After finishing college with a degree in Business I was immediately drafted into the army and sent to serve at the DMZ between North and South Korea. Sitting for many evenings in fox holes for 12 hours in 20 degree below zero weather I bonded with people who would become my lifelong brothers—a Black man from Chicago, a White pig farmer from Alabama, an Apache man from New Mexico, and a farmworker from Southern California whose parents had brought him illegally across the border when he was 1 year old. We shared our bland C-rations, pretty good "happy smoke", photos, and the stories of our lives. I was "sheltered" no more.
 
After the war, I knew I wanted to challenge what I'd learned in my youth and pursue a career where I could make a difference. I enrolled in a teacher's college that was developing a new "Anti-bias Curriculum" for young children. The curriculum guided us in creating a classroom for young children with materials and activities that honored diversity.

Our coursework also challenged us to be honest about our own prejudices. Until we did that, it was too easy to blame overtly racist people, like my father, for all of society's injustices. It was THIS unflinching look at our blind spots that accelerated my UNLEARNING.

We answered questions to tease our biases out into the open, where we picked them apart and held them up to the light of truth. We shared where we learned these stereotypes, which ones we hung on to and why. Classmates of Asian heritage shared stories about straining to be free of the "model minority" narrative that commands they "fit in" and lumps them all together as the "smart" ones while devaluing the unique aspects of the diverse Asian cultures. Becoming "American" really means accepting a power structure that makes "White" the default.
 
When I got a full-time job as a preschool teacher in a College Child Development Lab School, I looked at the environment through the lens of this Anti-Bias Curriculum. It didn't take long for me to notice all the dolls in the dramatic play area were white and the books, puzzles, magazine, and posters only represented the Ozzie and Harriet families with 2 well-dressed, affluent blond children.

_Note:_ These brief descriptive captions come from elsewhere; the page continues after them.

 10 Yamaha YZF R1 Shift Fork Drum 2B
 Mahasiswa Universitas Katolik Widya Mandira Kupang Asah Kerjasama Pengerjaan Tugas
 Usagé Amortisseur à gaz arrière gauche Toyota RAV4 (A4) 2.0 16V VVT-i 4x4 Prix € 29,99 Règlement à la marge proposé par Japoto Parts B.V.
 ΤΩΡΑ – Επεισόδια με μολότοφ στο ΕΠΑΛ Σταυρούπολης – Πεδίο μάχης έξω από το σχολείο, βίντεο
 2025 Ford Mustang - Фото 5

Most of our students, however, were children of color, being raised by single moms in poor communities.

One day, a 6 year old black girl closed a book with an exasperated sigh saying, "Teacher Ed, do we have any books with people that look like me?" Our children didn't see themselves in the pages they turned and the dolls they hugged every day. So, we bought books, puzzles and dolls that represented all the diversity of our world. We compared the varied hues we humans come in and started using real skin tones to paint pictures of ourselves.

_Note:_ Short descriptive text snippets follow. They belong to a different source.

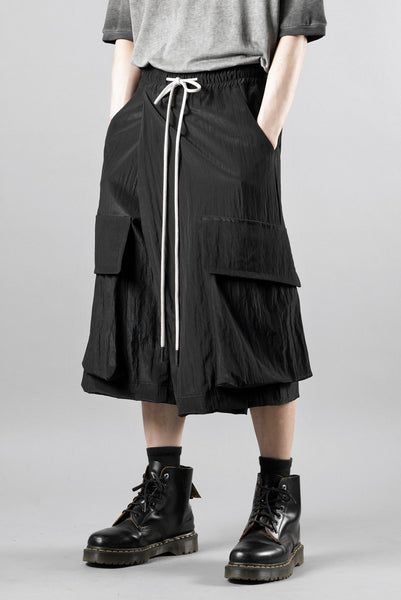 A.F ARTEFACT VOLUME WRAP CARGO SHORTS (BLACK)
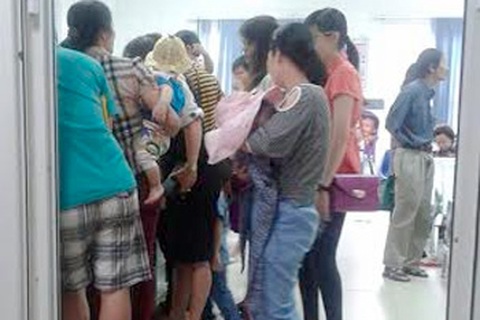 Vắc xin Quinvaxem: Không tiêm cũng sợ, tiêm lại càng lo!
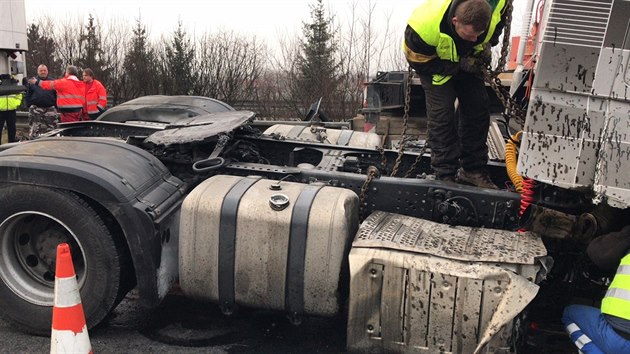 Na dálnici D11 u Zelenče naboural kamion do svodidel (31. března 2018).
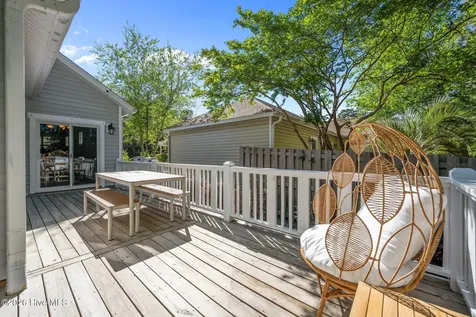 806 Wildflower Drive Holly Ridge NC 28445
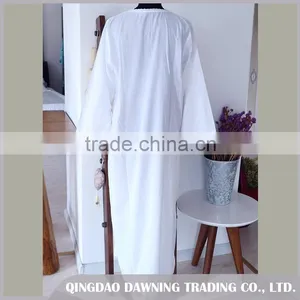 Fashionable White Cotton Dressing Gown Nightgown thumbnail-2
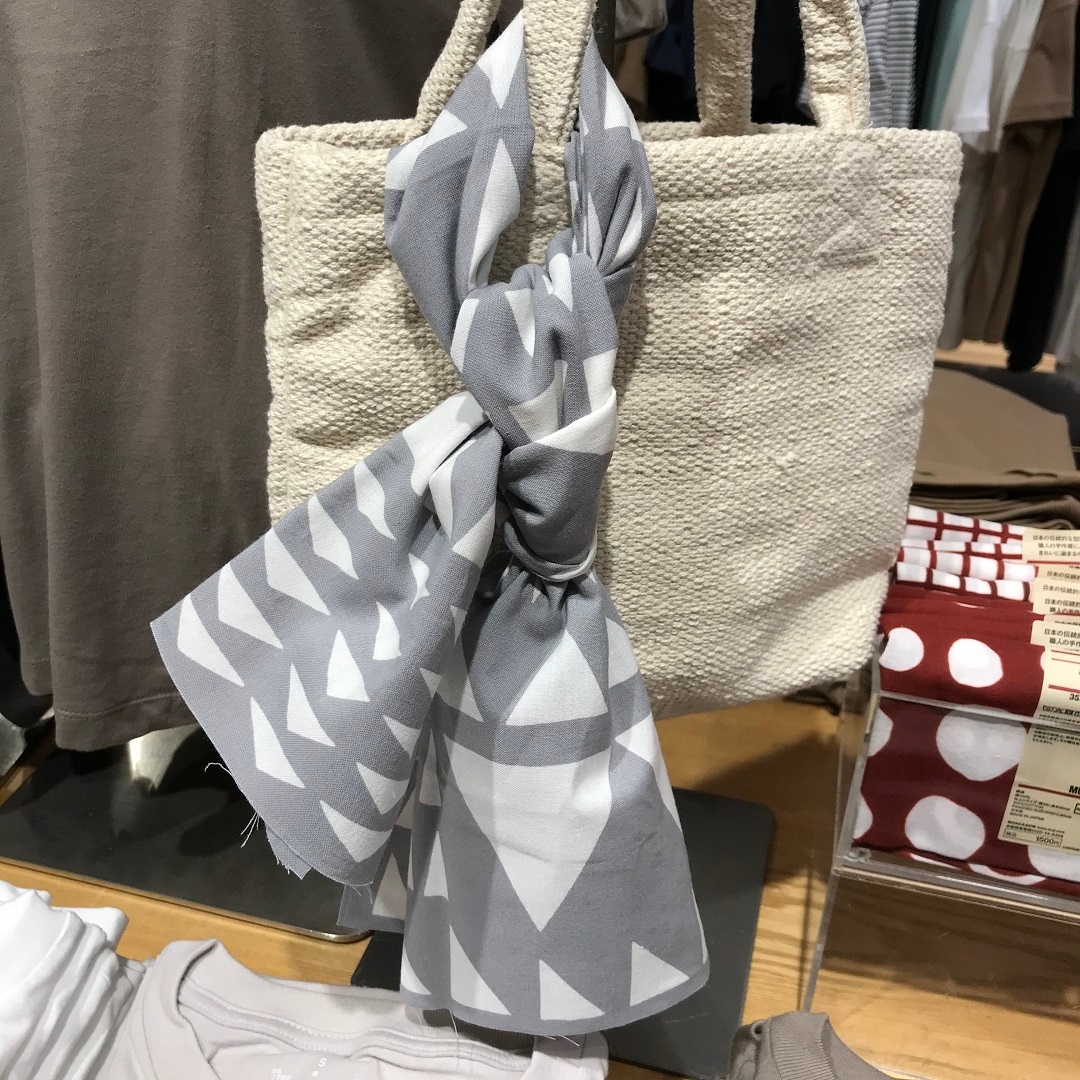 45654_0807_bag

Parents gave us family photos and we took pictures of the children and their families at "pick up" time. The children created autobiographical books from these pictures and their drawings. They told us stories about those pictures and we wrote exactly what they said. These autobiographical books were placed in our library and became the rage at "Circle Time" and a big hit with the parents.

I cared for my father the last three years of his life. He passed at the age of 91. Although I never managed to get dad to unshackle himself from his prejudices he did finally admit he was racist: "It's just how I was taught, son."

For me though, I felt compelled to unlearn the hate I was taught. It is possible! My journey continues.